So it seems as if your kernel source may not be quite right, I can't say as I haven't the vanilla sources which, I assume, you have downloaded.

You might be better off installing gentoo-sources instead and the latest stable version for x86 is 2.6.18-gentoo-r4.

----------

## randal1

hi  :Smile: 

So should it just be a case of emerging the latest gentoo-sources...

 *Quote:*   

> 
> 
> aaron linux # emerge -av gentoo-sources
> 
> These are the packages that would be merged, in order:
> ...

 

and running through the usual steps...

 *Quote:*   

> 
> 
> change directory to Kernel Link
> 
>         "cd /usr/src/"
> ...

 

???

Thanks

----------

## wjb

Whats with the /etc/kernels stuff? (I have the directory but it looks pretty derelict)
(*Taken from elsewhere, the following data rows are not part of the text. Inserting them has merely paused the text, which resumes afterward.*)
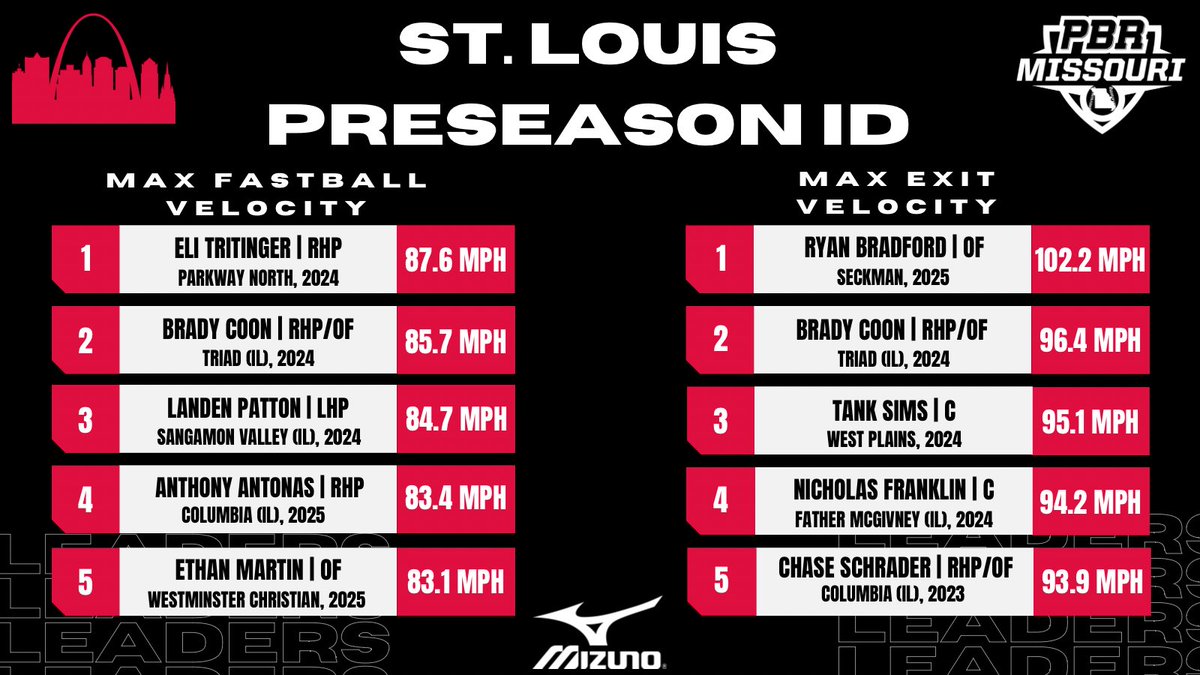 PrepBaseballMO's tweet photo. 𝐒𝐭. 𝐋𝐨𝐮𝐢𝐬 𝐏𝐫𝐞𝐬𝐞𝐚𝐬𝐨𝐧 𝐈𝐃

+ Stat leaders from yesterday’s St. Louis Preseason ID. 

+ A multitude of players put up loud numbers; full leaderboard, here. ⬇️

𝙎𝙏𝘼𝙏 𝙎𝙏𝙊𝙍𝙔: https://t.co/SCcMyJ3XrM https://t.co/vwyCN8dZbQ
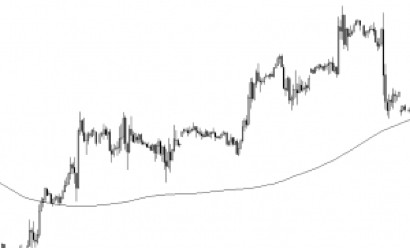 ABCD Pattern structure with Fibonacci levels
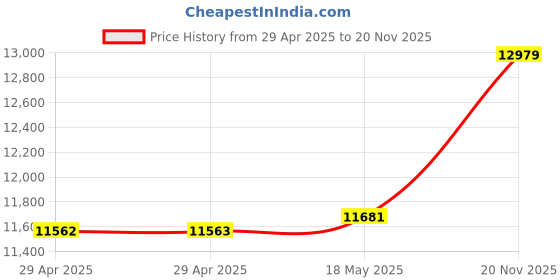 industrybuying.com ITT CANNON Circular MIL Spec Equivalent Connectors CIRCULAR, SIZE 20, 6WAYS, SKT, CA3102E20-8SB109 itt cannon Price History Graph from 29 Apr 2025 to 20 Nov 2025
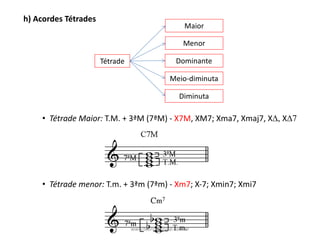 h)	Acordes	Tétrades
Tétrade
Maior
Meio-diminuta
Menor
Dominante
Diminuta
• Tétrade	Maior:	T.M.	+	3ªM	(7ªM)	- X7M,	XM7;	Xma7,	Xmaj7,	X∆, X∆7
• Tétrade	menor:	T.m.	+	3ªm	(7ªm)	- Xm7;	X-7;	Xmin7;	Xmi7
www.teoriamusical.com.br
There are some differences between your steps to rebuild a kernel and the current Gentoo Linux Kernel Upgrade Guide

----------

## randal1

see the bottom of the page...

 *Quote:*   

> Code Listing 10.2: Reusing your old config with genkernel
> 
> # cd /etc/kernels
> 
> # cp kernel-config-x86-2.6.9-gentoo-r1 kernel-config-x86-2.6.9-gentoo-r2
> ...

 

----------

## wjb

 *wjb wrote:*   

> Whats with the /etc/kernels stuff? (I have the directory but it looks pretty derelict)

 

ok. yeah. I remember now. Thats about when I stopped using genkernel and went DIY. duh.

----------

## randal1

no probs  :Smile: 

so does anyone have any suggestions RE my process?...

should it just be a case of emerging the latest gentoo-sources...

 *Quote:*   

> 
> 
> aaron linux # emerge -av gentoo-sources
> 
> These are the packages that would be merged, in order:
> ...

 

and running through the usual steps...

 *Quote:*   

> 
> 
> change directory to Kernel Link
> 
> "cd /usr/src/"
> ...

 

???

Thanks

----------

## wjb

ok I'll have another go...

I don't see any options in genkernel that let you start a new config from scratch, just ones that use make oldconfig.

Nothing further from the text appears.